Concha para Concepción. (los argentinos pueden evitar sus comentarios para este nombre por favor.)
Susi o Susy para Susana
Chelo para Consuelo
Lulú para Lourdes

Tito, ¿Para qué nombre es Tito?

Fito y Rudi o Rudy para Rodolfo.
Güicho creo que para Carlos, en México. (no estoy seguro)
Rosi o Rosy para Rosa.
Lalo para Eduardo.


Etc. etc. etc.


----------



## Kibramoa

Francisco => Quico
Héctor =>  Tito
Refugio => Cuco
Luis => Lucho, Güicho 

Robert => Rob, Bobbie, Bob
Michael => Mike
Margaret => Peggy, Margie, Marg


----------



## oso

Kibramoa said:


> Francisco => Quico
> Héctor =>  Tito
> Refugio => Cuco
> Luis => Lucho, Güicho
> 
> Robert => Rob, Bobbie, Bob
> Michael => Mike
> Margaret => Peggy, Margie, Marg



  Quico.  En México es Federico, como el del Chavo del 8.  Tienes razón.  Luis es Güicho, no Carlos.

  Beto es Bobby.
  Pepe es Joe, Joey.


----------



## emaestro

Why did I think that Tito was for Timoteo?


----------



## oso

Una pregunta, ¿En qué parte de México se les dice Quico a los Franciscos?  Yo nunca había oído eso, al menos no en la Ciudad de México.

Carlitos = Charly

      = Dave?


----------



## the boss

Tito es para Ernesto
Güicho es para Luis
Joe para Joseph
Rick, Dick for Richard
Vince for Vincent
Enzo for Vincenzo
Danny for Daniel
Greg for Gregory


----------



## oso

the boss said:


> Tito es para Ernesto
> Güicho es para Luis
> Joe para Joseph
> Rick, Dick for Richard
> Vince for Vincent
> Enzo for Vincenzo
> Danny for Daniel
> Greg for Gregory



  Tito parece que es para muchos nombres.

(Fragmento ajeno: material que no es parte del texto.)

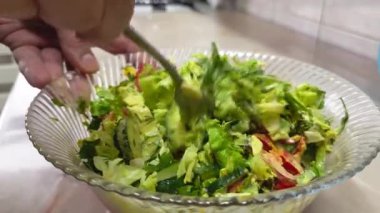 Beyaz eller sebze salatasıyla mayonezi cam bir kasede karıştırıyor ve ev mutfağında paslanmaz çelik çatal kullanıyor.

  Ernesto también es Neto.
  Chente para Vicente.

    Terry?  Ron?

Gracias.


----------



## oso

Quique para Enrique.

    Y Henry?


----------



## jio

Unos cuantos más...

Alberto - Beto ~ *Albert - Bert*

José - Pepe ~* Joseph - Joe/Joey*

Francisco - Pancho/Paco  ~ *Francis - Fran*

Luis - Lucho, Güicho ~ *Lewis - Louie

*Rodolfo - Fito/Rudi/Rudy ~ *Rudolph - Rudy/Rudi (lo mismo)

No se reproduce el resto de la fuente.